M. Bazin, 52 ans, a évoqué une organisation «plus simple, plus efficace, qui se fera à coûts moins onéreux, en séparant les fonctions, les missions et les objectifs». Il a aussi affirmé qu'il n'y avait «pas de scission» prévue entre ses deux pôles.

«C'est un nouvel élan, un changement d'état d'esprit mais il faut s'appuyer sur l'ADN du groupe», a-t-il souligné.

Dans le cadre de ce nouveau plan stratégique, le nouveau PDG a annoncé l'arrêt des développements d'hôtels en location et la fin des cessions d'hôtels en propriété, sauf pour les actifs jugés sous-performants.

«Le marché attendait indéniablement plus»

«Le but est d'améliorer et d’accroître le rendement des actifs et optimiser le bilan et l'allocation des capitaux», a précisé le PDG.

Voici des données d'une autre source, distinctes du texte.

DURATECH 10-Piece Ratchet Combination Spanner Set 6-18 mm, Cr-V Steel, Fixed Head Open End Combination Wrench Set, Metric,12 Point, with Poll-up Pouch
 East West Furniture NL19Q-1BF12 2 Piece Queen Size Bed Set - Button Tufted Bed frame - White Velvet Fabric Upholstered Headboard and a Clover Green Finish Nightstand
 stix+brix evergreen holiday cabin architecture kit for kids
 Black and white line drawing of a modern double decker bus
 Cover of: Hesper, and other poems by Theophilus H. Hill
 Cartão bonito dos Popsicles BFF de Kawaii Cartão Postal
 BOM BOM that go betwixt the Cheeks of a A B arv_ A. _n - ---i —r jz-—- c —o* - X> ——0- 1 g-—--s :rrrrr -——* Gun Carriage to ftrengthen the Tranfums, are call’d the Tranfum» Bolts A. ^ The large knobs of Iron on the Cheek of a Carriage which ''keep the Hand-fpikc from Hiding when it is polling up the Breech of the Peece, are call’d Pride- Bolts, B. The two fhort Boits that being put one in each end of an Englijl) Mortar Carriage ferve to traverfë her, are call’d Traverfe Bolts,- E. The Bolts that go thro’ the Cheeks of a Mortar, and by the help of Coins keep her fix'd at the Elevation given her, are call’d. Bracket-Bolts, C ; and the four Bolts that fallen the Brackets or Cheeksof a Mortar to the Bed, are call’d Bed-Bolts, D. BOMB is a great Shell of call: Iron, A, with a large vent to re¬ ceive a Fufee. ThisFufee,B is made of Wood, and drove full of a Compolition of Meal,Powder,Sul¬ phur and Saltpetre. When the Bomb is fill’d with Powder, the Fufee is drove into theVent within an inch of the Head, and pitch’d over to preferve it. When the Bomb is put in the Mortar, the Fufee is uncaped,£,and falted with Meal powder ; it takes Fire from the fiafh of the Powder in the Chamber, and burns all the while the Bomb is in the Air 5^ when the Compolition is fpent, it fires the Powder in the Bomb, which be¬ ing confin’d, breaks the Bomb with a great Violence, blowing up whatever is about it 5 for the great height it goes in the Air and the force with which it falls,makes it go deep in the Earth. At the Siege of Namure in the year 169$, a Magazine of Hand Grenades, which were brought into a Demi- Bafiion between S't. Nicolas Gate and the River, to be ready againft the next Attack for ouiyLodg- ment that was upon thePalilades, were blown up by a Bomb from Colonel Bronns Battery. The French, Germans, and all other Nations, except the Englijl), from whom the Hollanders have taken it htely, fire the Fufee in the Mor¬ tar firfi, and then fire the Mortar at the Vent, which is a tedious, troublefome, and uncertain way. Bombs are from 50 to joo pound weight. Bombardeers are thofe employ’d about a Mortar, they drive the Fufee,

Nombre d'analystes attendaient pourtant d'un financier comme Sébastien Bazin une accélération du mouvement de cession des murs des établissements exploités par Accor. D'autant que M. Bazin lui même, ex-patron de Colony Capital, actionnaire de référence d'Accor, s'était montré dans le passé favorable à une telle stratégie.

«Le marché attendait indéniablement plus»

Dans ce contexte, le leader européen et numéro six mondial de l'hôtellerie, avec ses enseignes Sofitel, Novotel, Pullman, Mercure, Ibis, et HotelF1, se dotera «d'une nouveau comité exécutif de 10 membres» qui comprendra les cinq responsables opérationnels des régions afin de refléter une nouvelle organisation par zones géographiques.

«Cette nouvelle équipe de direction a une vraie mission: insuffler un changement de mode de fonctionnement au sein du groupe, pour favoriser clarté, agilité et responsabilisation dans la prise de décision», a ajouté le PDG d'Accor.

Dans cette équipe figure Sven Boinet, au poste de directeur général délégué, en charge de la transformation du groupe, des ressources humaines et du juridique. Familier de l'hôtellerie, M. Boinet a longtemps travaillé chez Accor où il a été vice président du directoire, avant de partir dans le groupe Lucien Barrière, puis de prendre la direction générale de Pierre et Vacances, jusqu'à l'été dernier.

«Les équipes avaient un peu perdu le lien avec la réalité. Cette organisation est beaucoup plus claire et ces deux pôles peuvent créer de la valeur l'un pour l'autre», a assuré à l'AFP M. Boinet, ajoutant que si le groupe s'est séparé de plusieurs hôtels performants, il y a encore «beaucoup de valeur» dans son parc.

L'organisation mise en place permet que «la prise de décision soit désormais au plus proche du terrain, entre les mains de ceux qui gèrent les hôtels au quotidien», a encore expliqué M. Bazin.

Il a «confirmé» les objectifs 2013 d'Accor, avec un résultat net entre 510 et 530 millions d'euros, se refusant à donner plus de détails chiffrés.

Cette nouvelle stratégie a été fraichement accueillie par le marché. Vers 15H35, le titre perdait 6,50% à 31,38 euros, dans un CAC en progression de 0,61%.

«La nouvelle stratégie ne correspond pas exactement aux attentes du marché», relèvent les analystes chez Société Générale. «Le marché attendait un plan de réduction de coût et une accélération de la transformation» du groupe.

«Le marché attendait indéniablement plus, notamment avec l'arrivée de M. Bazin qui était prometteuse. Les annonces ressemblent plus à un réaménagement qu'à des nouvelles bouleversantes», souligne de son côté un vendeur d'actions parisien.